What you are asked to do:
Starting with the first line of the listing, quote each line exactly until and including the one with "Hi everybody, welcome", leaving pictures out.

Provided data Block Start

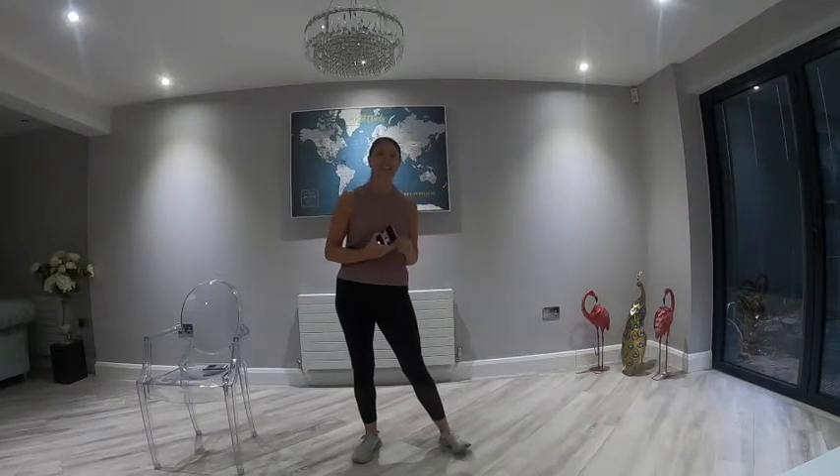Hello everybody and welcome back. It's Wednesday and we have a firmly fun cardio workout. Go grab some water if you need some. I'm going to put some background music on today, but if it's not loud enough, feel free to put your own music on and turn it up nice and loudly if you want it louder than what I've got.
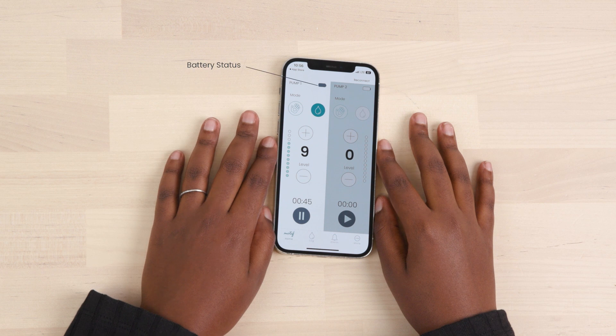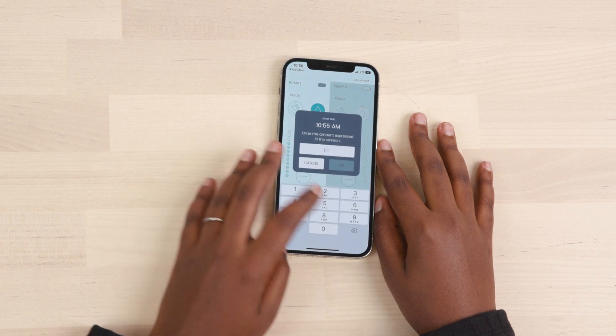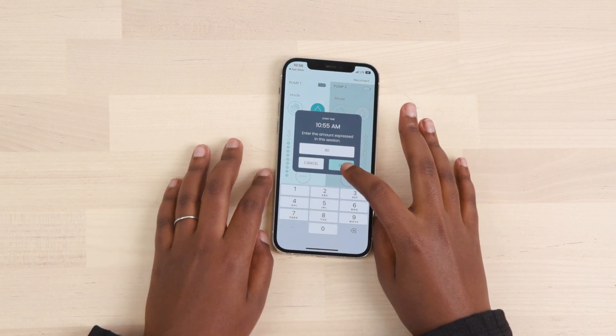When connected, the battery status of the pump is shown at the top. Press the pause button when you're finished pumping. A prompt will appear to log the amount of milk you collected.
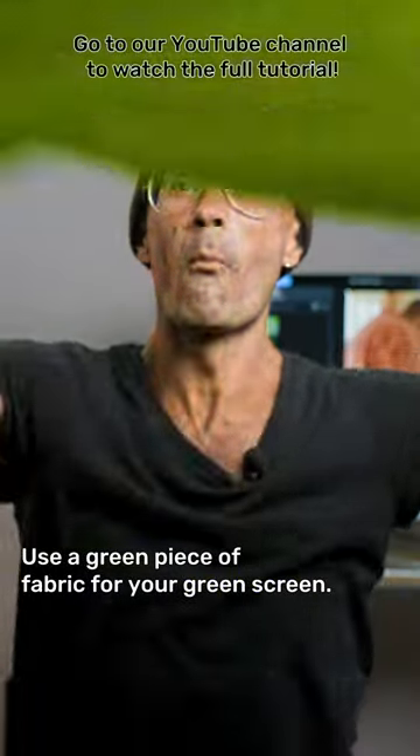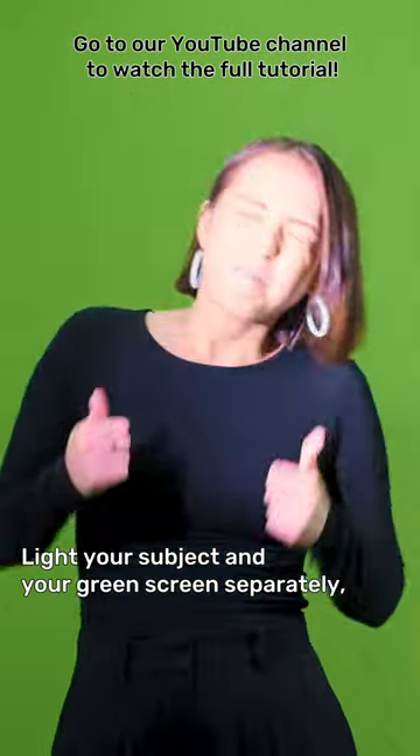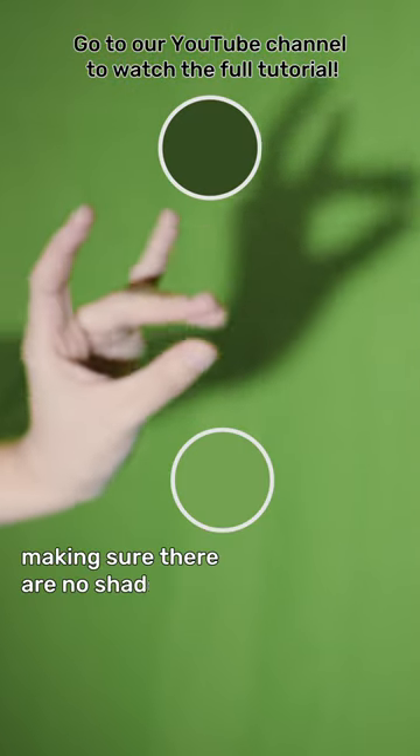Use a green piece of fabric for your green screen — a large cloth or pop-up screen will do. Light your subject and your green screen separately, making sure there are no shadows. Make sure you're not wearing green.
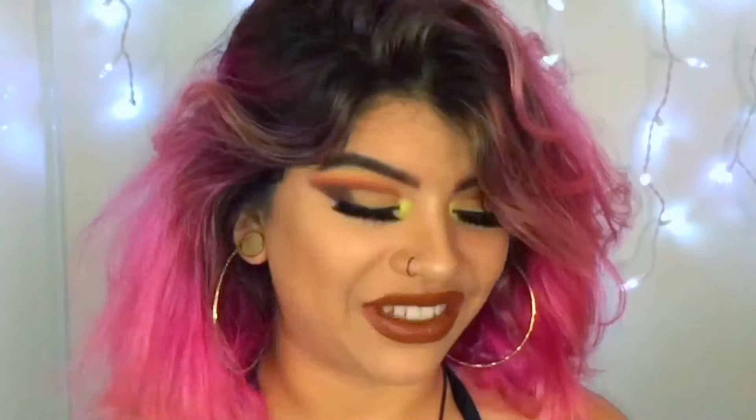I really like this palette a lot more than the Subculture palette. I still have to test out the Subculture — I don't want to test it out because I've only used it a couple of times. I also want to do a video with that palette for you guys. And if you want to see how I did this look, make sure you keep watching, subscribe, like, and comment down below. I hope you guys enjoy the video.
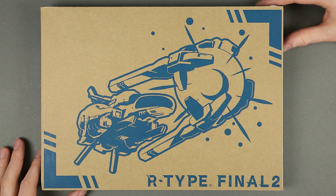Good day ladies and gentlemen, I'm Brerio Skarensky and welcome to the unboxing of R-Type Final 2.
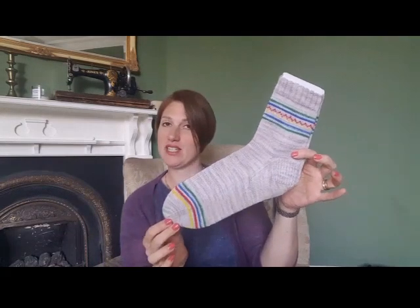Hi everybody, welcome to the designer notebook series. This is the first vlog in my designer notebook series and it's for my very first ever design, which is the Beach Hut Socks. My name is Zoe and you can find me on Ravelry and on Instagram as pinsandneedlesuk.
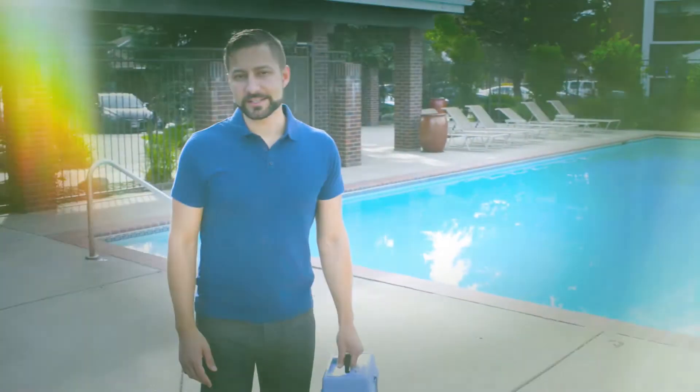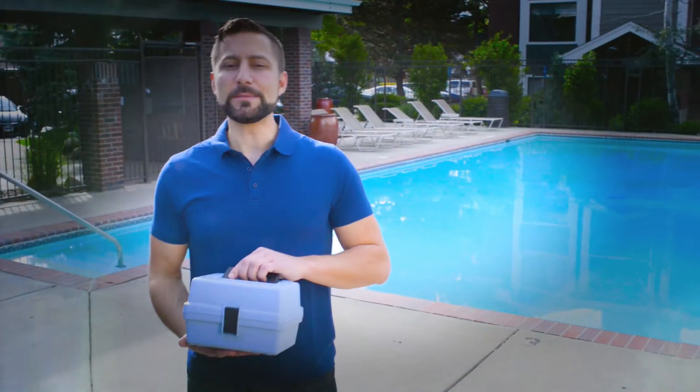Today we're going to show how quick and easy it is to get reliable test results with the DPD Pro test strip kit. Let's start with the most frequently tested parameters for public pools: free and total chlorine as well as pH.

Provided data Block End

Output for this task:
Hello everybody and welcome back. It's Wednesday and we have a firmly fun cardio workout. Go grab some water if you need some. I'm going to put some background music on today, but if it's not loud enough, feel free to put your own music on and turn it up nice and loudly if you want it louder than what I've got.
When connected, the battery status of the pump is shown at the top. Press the pause button when you're finished pumping. A prompt will appear to log the amount of milk you collected.
Use a green piece of fabric for your green screen — a large cloth or pop-up screen will do. Light your subject and your green screen separately, making sure there are no shadows. Make sure you're not wearing green.
I really like this palette a lot more than the Subculture palette. I still have to test out the Subculture — I don't want to test it out because I've only used it a couple of times. I also want to do a video with that palette for you guys. And if you want to see how I did this look, make sure you keep watching, subscribe, like, and comment down below. I hope you guys enjoy the video.
Good day ladies and gentlemen, I'm Brerio Skarensky and welcome to the unboxing of R-Type Final 2.
Hi everybody, welcome to the designer notebook series. This is the first vlog in my designer notebook series and it's for my very first ever design, which is the Beach Hut Socks. My name is Zoe and you can find me on Ravelry and on Instagram as pinsandneedlesuk.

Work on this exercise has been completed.